Now compare that resource pool to the “Production” pool, which has shares set to “high” but has 24 VMs. Let’s say this resource pool has 8000 shares.

This is a very extreme example, but it shows you immediately what the problem is. On a per VM basis, the VMs in the production resource pool, would receive far less resources when there’s contention as DRS would simply divvy up the resources based on the assignment of the shares of the resource pool. Test would receive 1/3 of the resource (4000 of 12000 total shares), and production would receive 2/3 of the resources (8000 of 12000 total shares). If you would divide that by the number of VMs in each pool, it is obvious that the VMs in Test are in a better situation than the VMs in Production.

So how would this work if you Scalable Shares enabled? Well, let’s list some facts first:

A resource pool looks like a VM with 4 vCPUs and 16GB of memory to DRS
Scalable Shares looks at the total amount of shares in the Resource Pool (all vCPUs!)
For a resource pool high is 8000 shares, normal is 4000 shares and low is 2000 shares
- Note, that this is based on 4 vCPUs, so the real values are 2000, 1000, 500.

The calculation would be as following:

Resource Pool Shares = (4 vCPU * Shares of Pool )* (Total number of shares of all vCPUs in resource pool)

So as an example, in the case I have Test with normal shares and 4 VMs, and Production with high shares and 24 VMs, and all VMs have a single vCPU with normal priority the calculation for those two resource pools would be:

Test = (4 * 1000) * (4 * 1000) = 16,000,000 shares

Production = (4 * 2000) * (24 * 1000) = 192,000,000 shares

In other words, Production has 12 times more the number of shares as Test has when Scalable Shares is enabled. I hope that clears things up!

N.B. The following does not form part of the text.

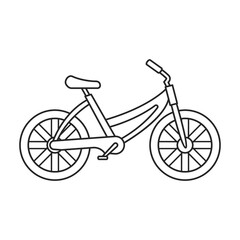 Bicycle child vector outline icon. Vector illustration bike children on white background. Isolated outline illustration icon of bicycle child .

Introducing Scalable Shares – vSphere 7

Duncan Epping · Mar 12, 2020 ·

Early 2015 Frank Denneman and I had a discussion during a flight to San Francisco. We came up with this concept for Resource Pools where the number of shares would be determined by the number of VMs and the priority of the pool. In other words, we wanted to avoid the dilution of shares in an environment with resource pools and basically solve the resource pool pie paradox problem described here. We worked with the DRS team on describing the concept, we filed a patent for it and got the patent granted in 2019. Today I am happy to share that the feature made it into a release and will be part of vSphere 7.0.

Scalable Shares is a feature that is part of DRS. You either enable it on the Cluster or you enable it on the Resource Pool. Personally I would always enable it on the Resource Pool level. So how does it work? Well normally when you create a resource pool with High Priority and one with Normal Priority, the RP with Priority High will have 8000 shares and the RP with Priority Normal will get 4000 shares. In other words, a 2:1 ratio between High and Normal. Now if you have 8 VMs in High and 1 in Normal, you can imagine that this single VM in Normal will get more resources than the 8 in High when there is contention simply as the 8 share the resources of the pool while the single VM doesn’t share the resources.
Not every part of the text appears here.